Tweemaal gekeken naar Hiroshima
mon amour van Alain Resnais (1959), met aansluitend (op dezelfde dvd), de
documentaire Hiroshima ou le temps d’un
retour van Luc Lagier. En nu ben ik Marguerite Duras aan het lezen. Zij
schreef het scenario en de dialogen.
Ik vermoed dat er een halve bibliotheek is volgeschreven
over de film van Resnais en het werk van Duras en ik ben dan ook niet van plan
daar veel aan toe te voegen. Het is van die cinefiele cinema, art for art’s sake, die gemaakt lijkt om
commentaar uit te lokken. (Er wordt overigens geen sake gedronken in deze film,
wel Japans fluitjesbier.) Elk woord, elk gebaar, elke belichting is zo
uitdrukkelijk gearticuleerd en symbolisch geladen, dat er maar weinig spontaans
en vloeiends in overblijft. Hiroshima mon
amour is – met al zijn flashbacks, montages, herhalingen… – maakwerk dat zich
er niet voor geneert maakwerk te zijn. Een kunstfilm,
zoals dat dan heet.
Maar daarom niet minder mooi.
Hiroshima mon amour
gaat over de onmogelijkheid om over de atoomaanval op Hiroshima een film te
maken – en bij uitbreiding om over de liefde een film te maken, ja zelfs: om de
liefde te beléven. Of juister, om de liefde een tweede keer, voorbij de
onschuld, te beleven. En de schuld bestaat er dan in dat zelfs de eerste keer,
hoe hevig en ingrijpend en écht ook die moge geweest zijn, niet voor de
vergetelheid kan worden behoed – zoals zelfs een onbeschrijfelijke ramp als de
atoombom op Hiroshima niets anders dan de vergetelheid wacht. (En ook gedoemd
is om een tweede keer te gebeuren: drie dagen na Hiroshima was er Nagasaki, dat
trouwens al veel meer wordt vergeten omdat die stad niet als eerste aan de
beurt kwam.)
De illusie van de liefde is dat ze ten onrechte denkt
onvergetelijk te zijn. En daarin lijkt ze op een catastrofe als Hiroshima.

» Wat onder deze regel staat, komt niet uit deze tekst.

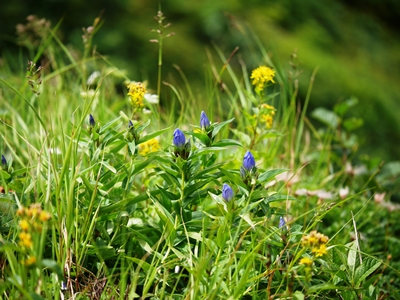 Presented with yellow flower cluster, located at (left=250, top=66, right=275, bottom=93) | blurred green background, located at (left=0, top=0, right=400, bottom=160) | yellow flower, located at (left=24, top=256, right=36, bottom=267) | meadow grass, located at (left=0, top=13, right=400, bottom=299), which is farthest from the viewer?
blurred green background, located at (left=0, top=0, right=400, bottom=160)

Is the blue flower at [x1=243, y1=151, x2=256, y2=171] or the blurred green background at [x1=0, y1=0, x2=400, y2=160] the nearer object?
the blue flower at [x1=243, y1=151, x2=256, y2=171]

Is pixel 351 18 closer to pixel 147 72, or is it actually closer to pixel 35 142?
pixel 147 72

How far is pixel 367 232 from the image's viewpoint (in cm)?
194

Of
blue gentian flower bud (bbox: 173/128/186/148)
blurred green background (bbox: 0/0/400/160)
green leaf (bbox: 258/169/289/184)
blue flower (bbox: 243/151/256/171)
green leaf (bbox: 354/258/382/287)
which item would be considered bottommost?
blurred green background (bbox: 0/0/400/160)

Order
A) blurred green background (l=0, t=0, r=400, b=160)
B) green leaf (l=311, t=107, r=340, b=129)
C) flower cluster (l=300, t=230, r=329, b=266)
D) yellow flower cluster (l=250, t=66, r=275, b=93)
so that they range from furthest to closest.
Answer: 1. blurred green background (l=0, t=0, r=400, b=160)
2. green leaf (l=311, t=107, r=340, b=129)
3. yellow flower cluster (l=250, t=66, r=275, b=93)
4. flower cluster (l=300, t=230, r=329, b=266)

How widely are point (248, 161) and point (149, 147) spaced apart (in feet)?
1.68

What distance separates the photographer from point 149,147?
162 centimetres

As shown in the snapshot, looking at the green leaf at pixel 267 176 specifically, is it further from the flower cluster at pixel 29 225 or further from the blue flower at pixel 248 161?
the flower cluster at pixel 29 225

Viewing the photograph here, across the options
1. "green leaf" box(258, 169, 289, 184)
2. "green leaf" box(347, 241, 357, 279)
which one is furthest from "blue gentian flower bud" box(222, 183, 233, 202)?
"green leaf" box(347, 241, 357, 279)

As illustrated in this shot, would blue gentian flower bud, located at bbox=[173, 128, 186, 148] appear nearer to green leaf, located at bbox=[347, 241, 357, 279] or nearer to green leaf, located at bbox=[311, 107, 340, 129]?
green leaf, located at bbox=[347, 241, 357, 279]

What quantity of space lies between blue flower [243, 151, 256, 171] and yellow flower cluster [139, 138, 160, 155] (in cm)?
43

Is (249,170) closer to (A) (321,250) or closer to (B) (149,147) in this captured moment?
(A) (321,250)

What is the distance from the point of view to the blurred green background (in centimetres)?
354

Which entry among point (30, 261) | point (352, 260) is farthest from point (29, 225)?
point (352, 260) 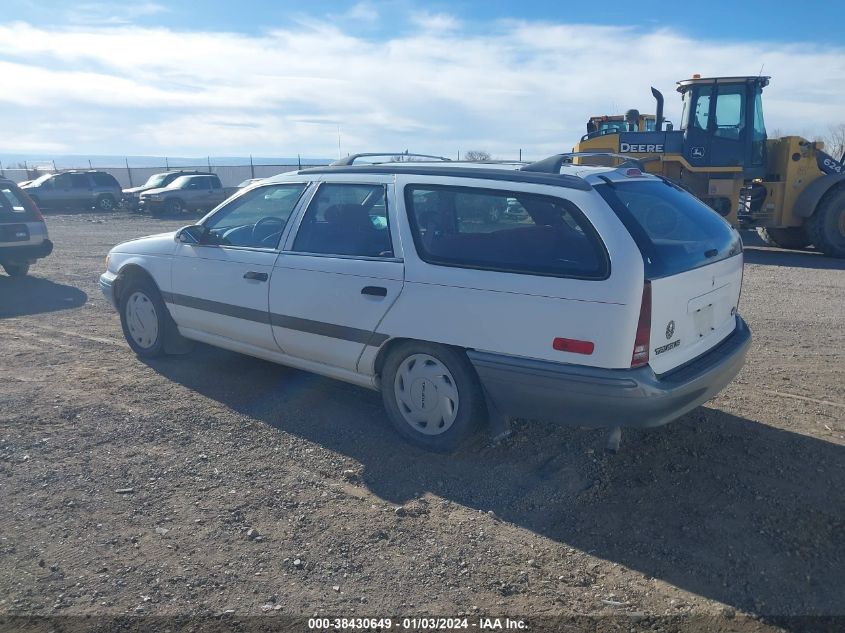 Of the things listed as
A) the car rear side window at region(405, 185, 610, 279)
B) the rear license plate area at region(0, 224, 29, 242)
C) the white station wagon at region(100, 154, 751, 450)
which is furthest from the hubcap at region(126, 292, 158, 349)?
the rear license plate area at region(0, 224, 29, 242)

Resnais begint zijn onmogelijke film met documentaire beelden. Hoe zou het anders kunnen? Tu n’as rien vu à Hiroshima, laat Duras haar mannelijke hoofdpersonage tot zijn tegenspeelster zeggen, maar het is duidelijk dat ze met die openingszin ook zichzelf toespreekt. We zien historische opnames van slachtoffers die de ramp overleefden. Brandwonden, verminkte lichamen, haaruitval. Daarna volgen gespeelde scènes met wanhopige ‘slachtoffers’ die gezamenlijk wachten op hulp of die van onder het puin tevoorschijn kruipen. Hier wordt opzichtig theatraal geacteerd. Je kúnt zoiets gewoon niet spelen. Zoals het museum van Hiroshima reconstitutions toont, faute d’autre chose. De wormen en mieren die ‘na twee dagen reeds’ (Duras) uit de as naar boven komen, acteren niet. Een hele vangst van radioactieve tonijnen moet worden vernietigd.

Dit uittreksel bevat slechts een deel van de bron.